LAWS(PVC)-1912-8-70

THATHARA NANNABHA CHETTY Vs. KUPPAL KRISHNAMMAL

Decided On August 20, 1912
THATHARA NANNABHA CHETTY Appellant
V/S
KUPPAL KRISHNAMMAL Respondents

JUDGEMENT

(1.) THE first point taken in this appeal, is that the appellant is entitled to treat the decree in appeal as substituting a corresponding date for the actual date in the original decree and reliance is placed on the decision of the Privy Council in Bhup Indar Bahadur Singh v. Bijai Bahadur Singh 23 A. 152 : 2 Bom. L.R. 978 : 10 M.L.J. 290 : 5 C.W.N. 52 : 27 I.A. 209. That case does not, however, lay down such a principle. It decides that, where the words "date of the decree" are used in the original decree, those words, after the decree is affirmed, mean the date of the appellate decree. THE case of Ramasawmy Kone v. Sundara Kone 31 M. 28 : 17 M.L.J. 495 : 3 M.L.T. 26 is a clear authority against the appellant and we cannot accept the distinction sought to be made, no trace of this being found in the judgment. To do what we are asked to do would be to alter the decree. It is then suggested that Article 181 of the Limitation Act (IX of 1908), does not apply and reliance is placed on Madhab Moni Dasi v. Pamela Lambart 37 C. 796 : 12 C.L.J. 328 : 6 Ind.
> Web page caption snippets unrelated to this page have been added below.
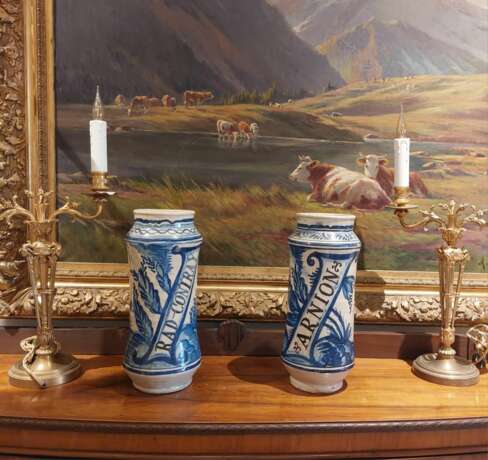 Pair of 18th Century Albarello Drug Jars in Maiolica Ceramics 18th century - photo 10 Pair of 18th Century Albarello Drug Jars in Maiolica Ceramics 18th century - photo 10
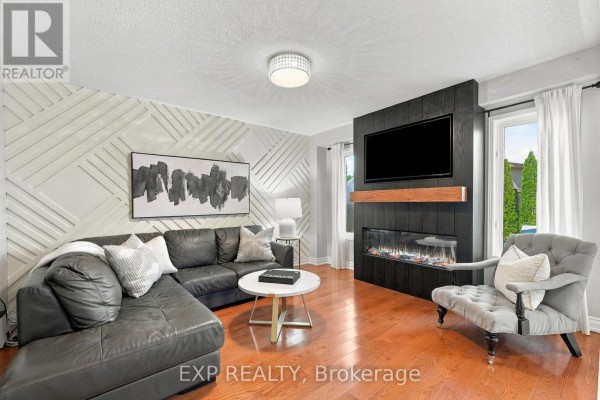 Primary Bedroom - 48 Thackery Drive, Ajax, ON L1T0B4 Photo 4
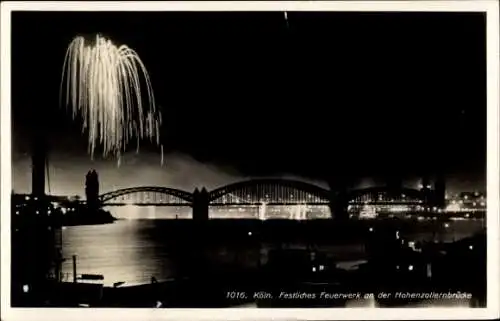 Ak Köln am Rhein, Feuerwerk an der Hohenzollernbrücke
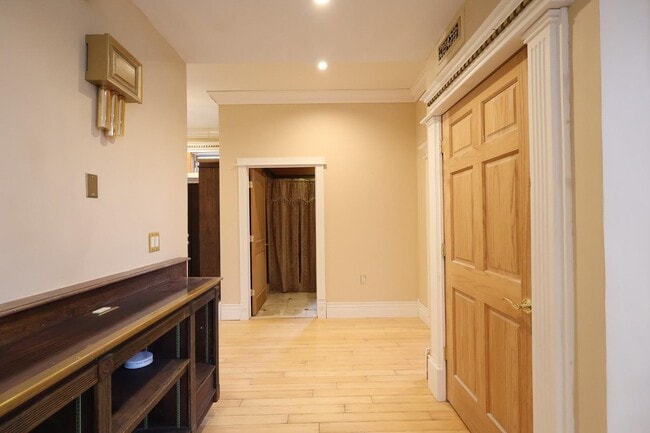 Building Photo - 67 Anderson Pond Rd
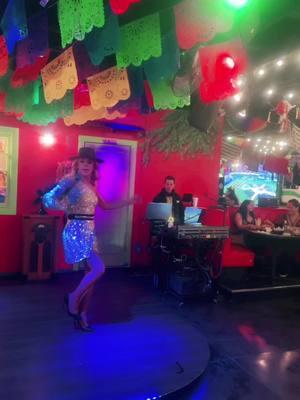 Si te pudiera mentir #karinacatalan #palomamakary #lasvegas #lavecindadcantina #drag #gracias @La Vecindad® Cantina 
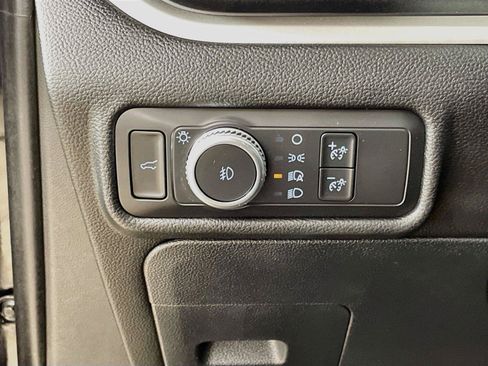 Used 2021 Ford Explorer XLT w/ Equipment Group 202A AWD/4WD image 14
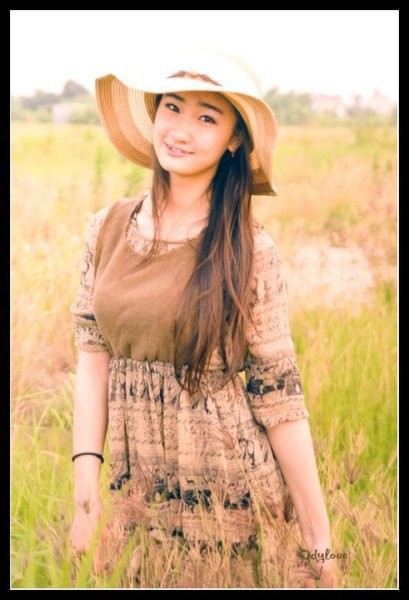 Theo thông tin trên Facebook, Thu Trang hiện đang là nữ sinh của trường Cao đẳng cộng đồng Hải Phòng.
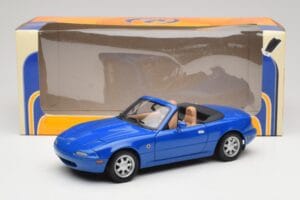 Mazda MX-5 NA Twilight Bleu Mica Gate 1:18 1013 Métal — image 8 sur 8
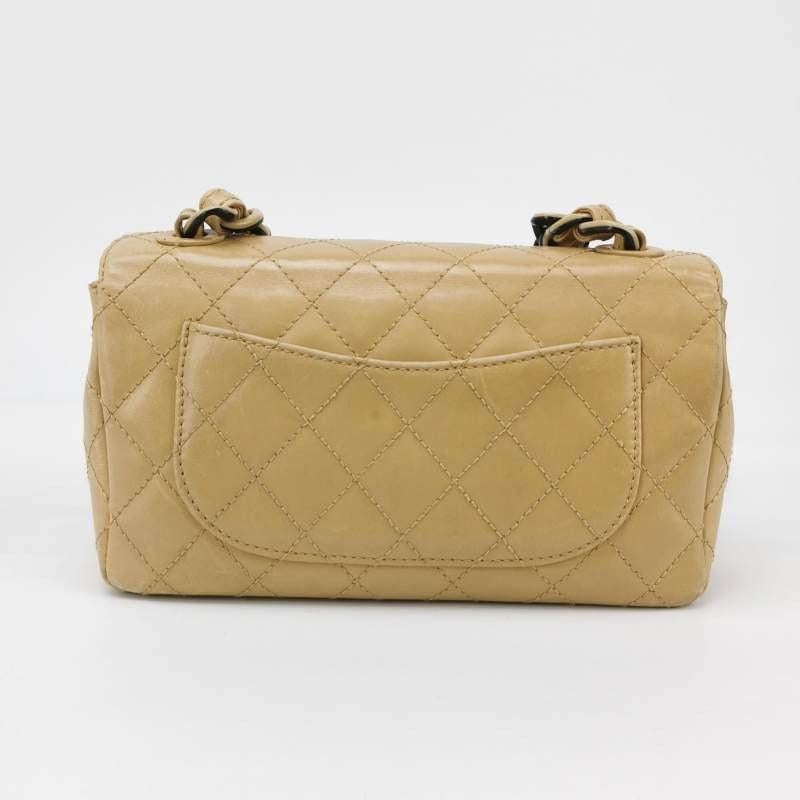 Chanel Classic Flap Vintage Mini Beige Calfskin Bi-color Acrylic Strap Crossbody In Good Condition In AUBERVILLIERS, FR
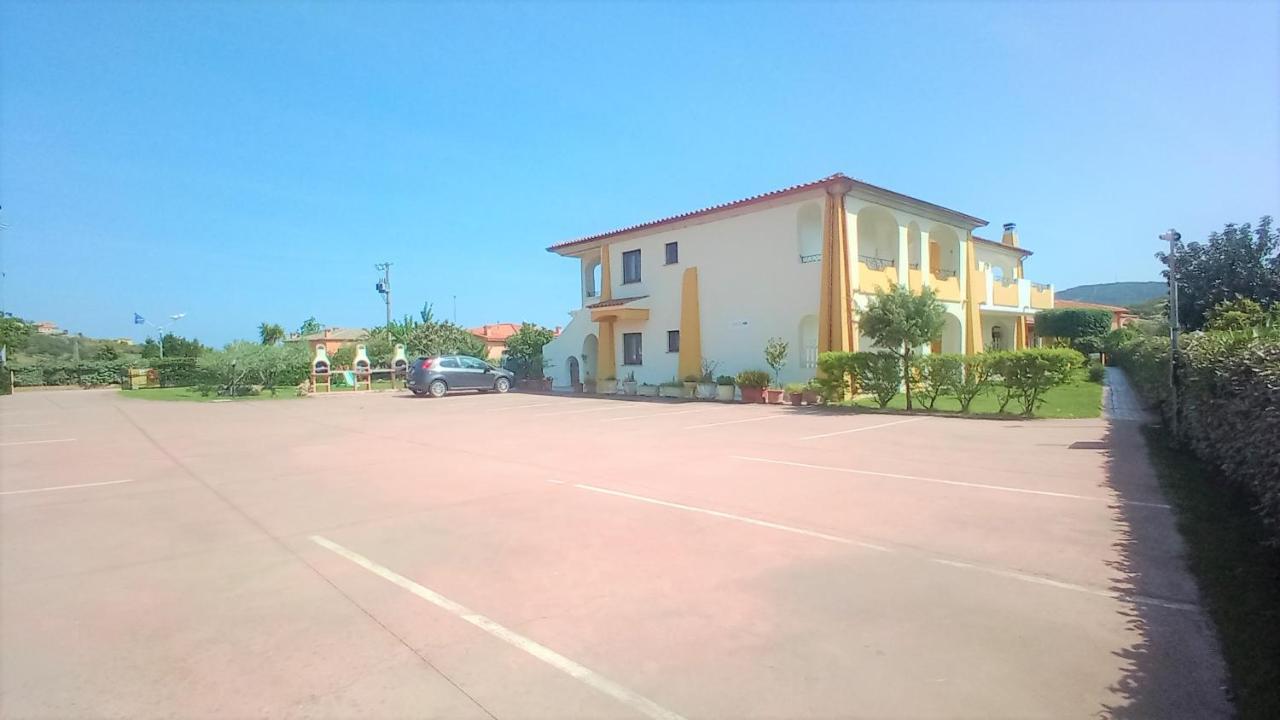 Case Vacanze San Silvestro Budoni Bagian luar foto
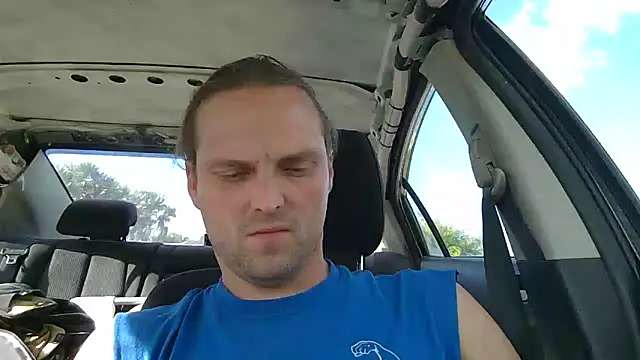 Snapshot of VitaminDrewFl chatting on 03/04/26, 09:00 VitaminDrewFl online show from 03/04/26, 09:00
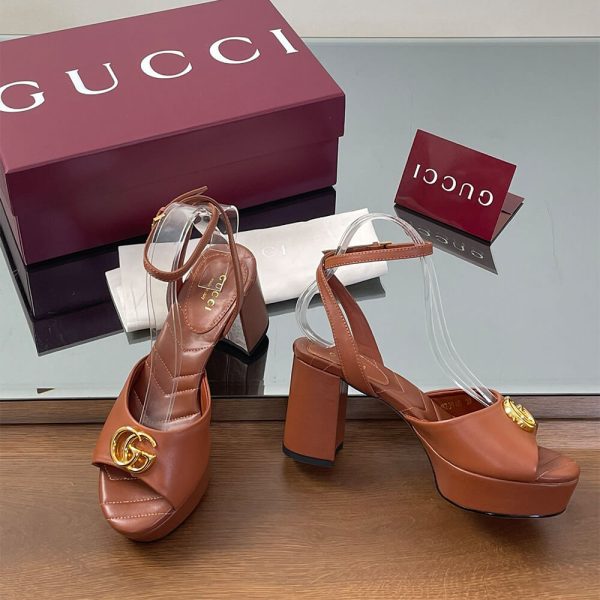 GUCCI Women’s platform sandal with Double G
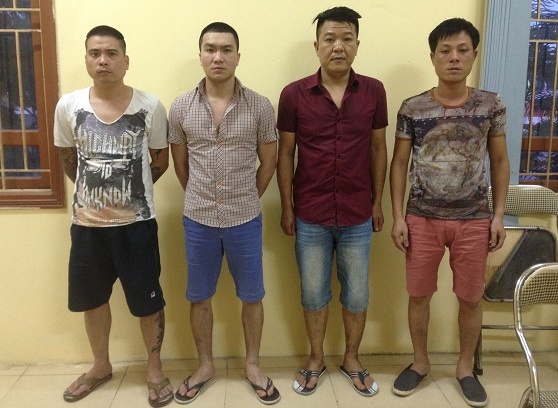 Bon thanh nien di xe hop danh chet tai xe xe tai trong dem hinh anh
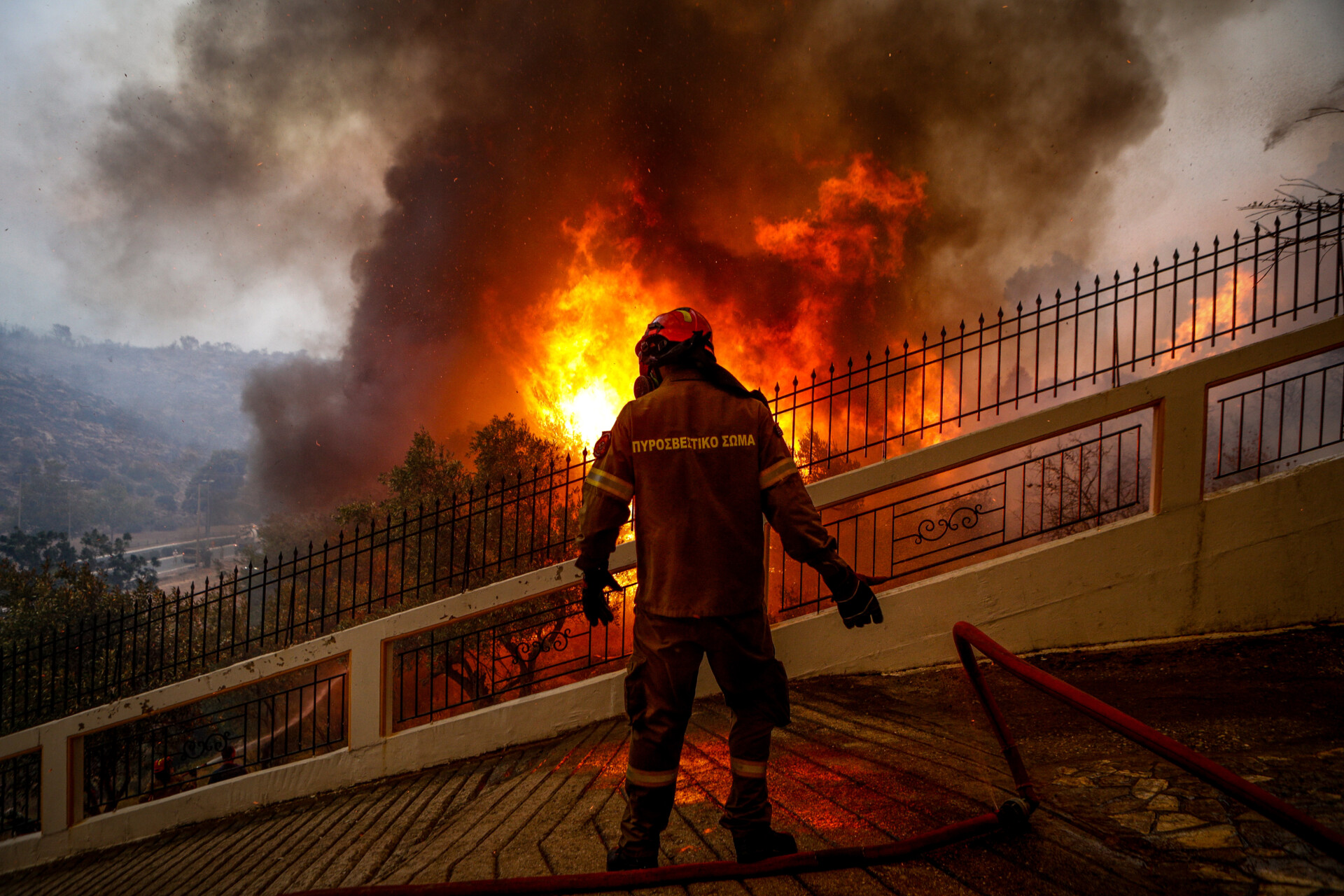 Πυρκαγιά στην Φυλή κοντά στην Ι.Μονή Κλειστών στου πρόποδες της Πάρνηθας © Eurokinissi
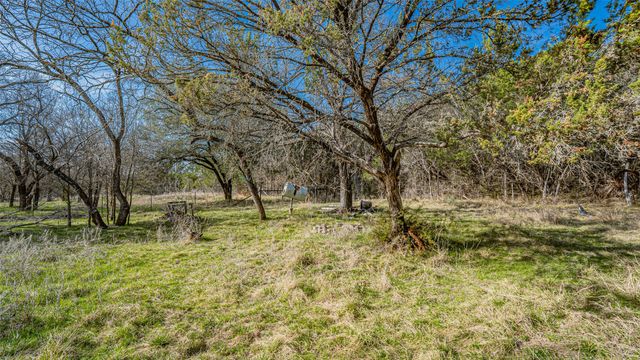 103 S Fm 56, Glen Rose, TX 76043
Cas. 537. With all respect to the learned Judges, we are unable to see why this limitation should be placed on the plain language of the Article. It is obviously an application under the Civil Procedure Code for it is made under Order XXXIV, Rule 5, which expressly requires an application. We hold that Article 181 applies and that the petition was rightly dismissed.

(2.) THIS appeal is, therefore, dismissed with costs.